--- What is being asked ---
Your answer should be the full data, transcribed exactly, with no pictures in it.

--- Dataset content ---
* * *

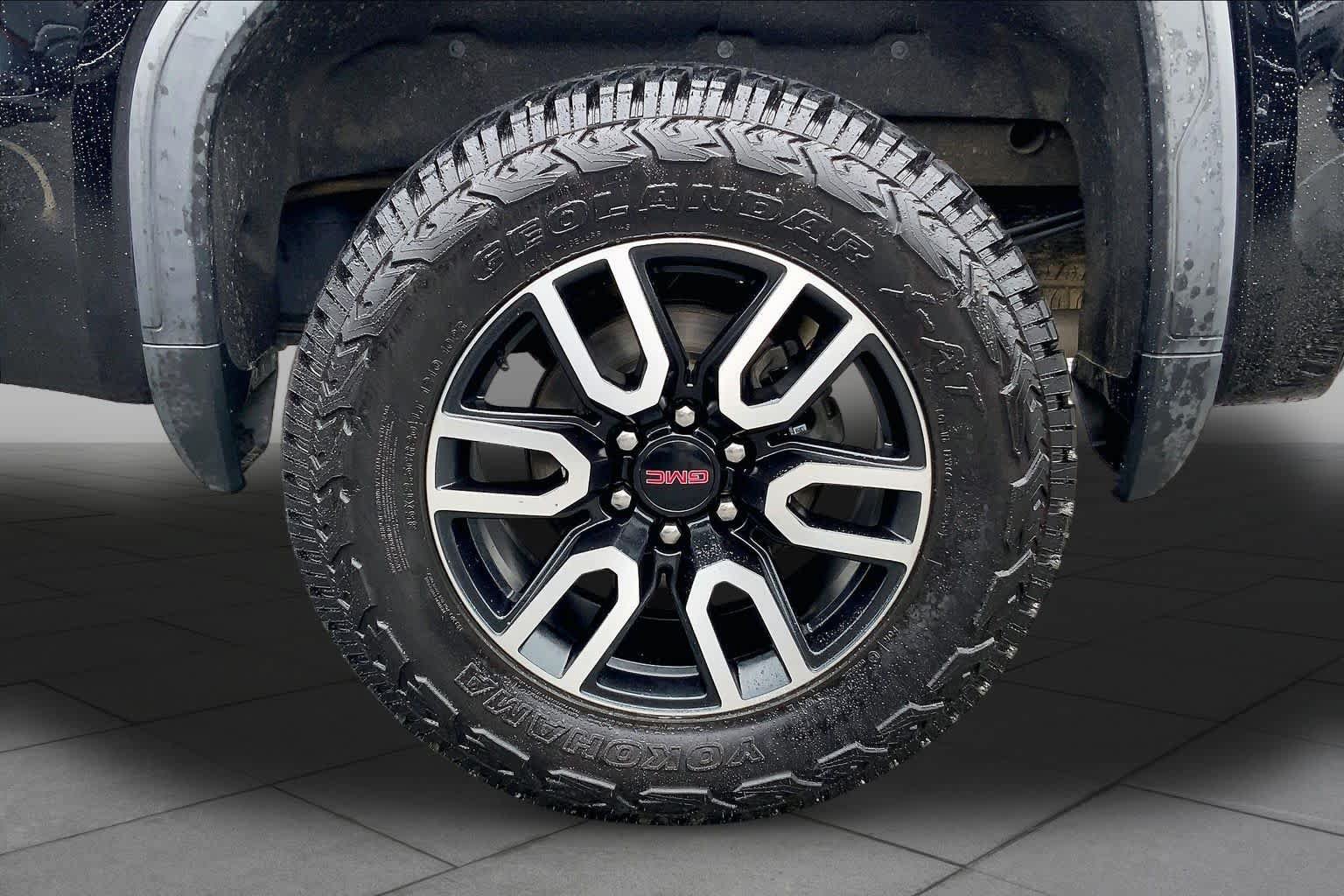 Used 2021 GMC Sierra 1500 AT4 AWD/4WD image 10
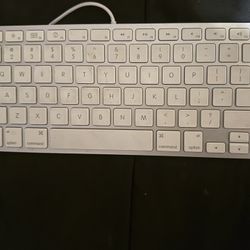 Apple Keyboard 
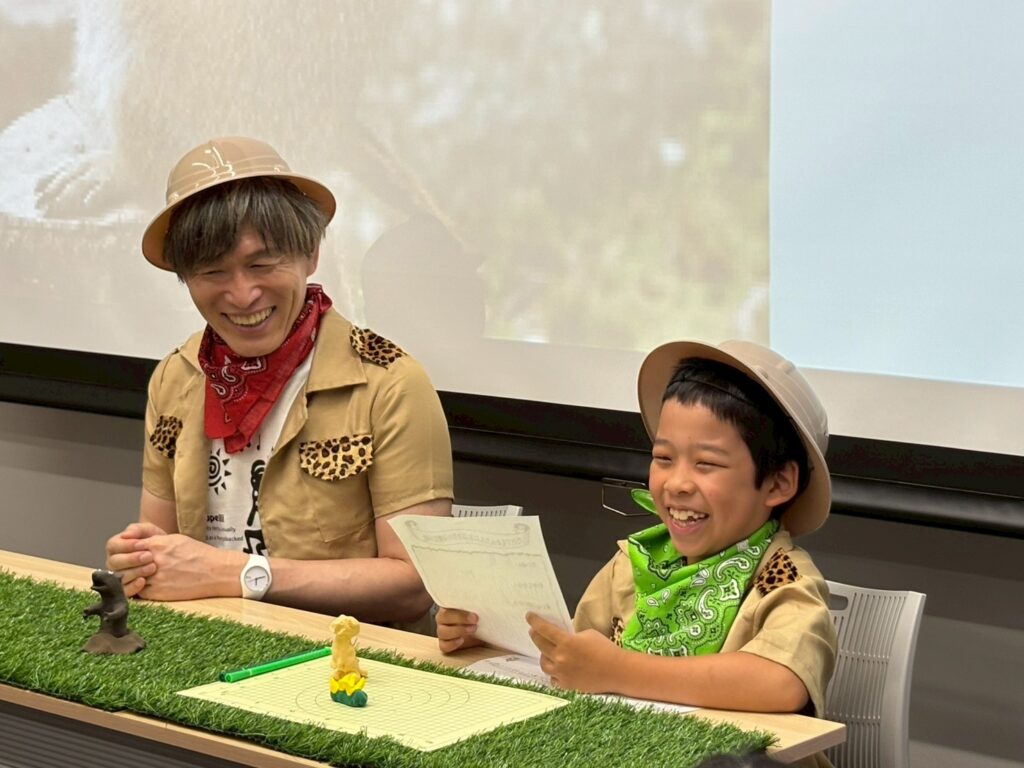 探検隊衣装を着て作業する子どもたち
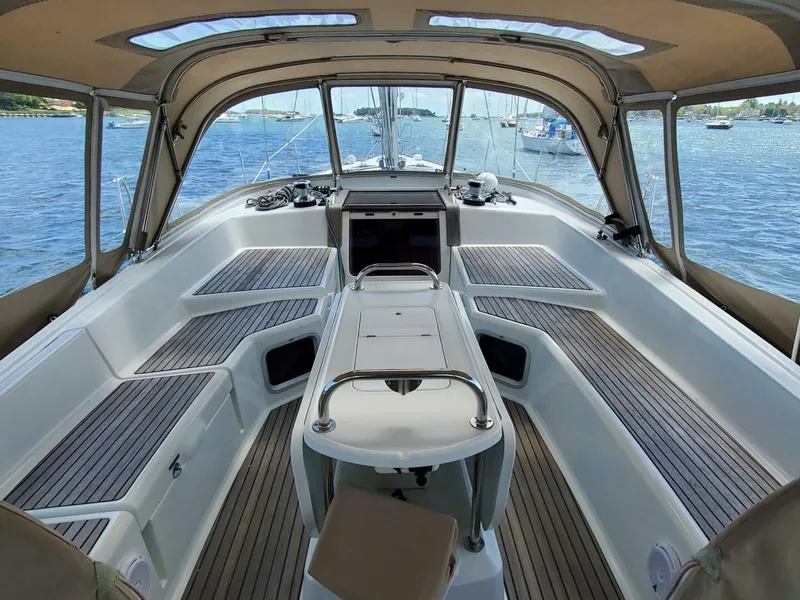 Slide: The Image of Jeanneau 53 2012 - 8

* * *

--- Output of the task ---
 Used 2021 GMC Sierra 1500 AT4 AWD/4WD image 10
 Apple Keyboard 
 探検隊衣装を着て作業する子どもたち
 Slide: The Image of Jeanneau 53 2012 - 8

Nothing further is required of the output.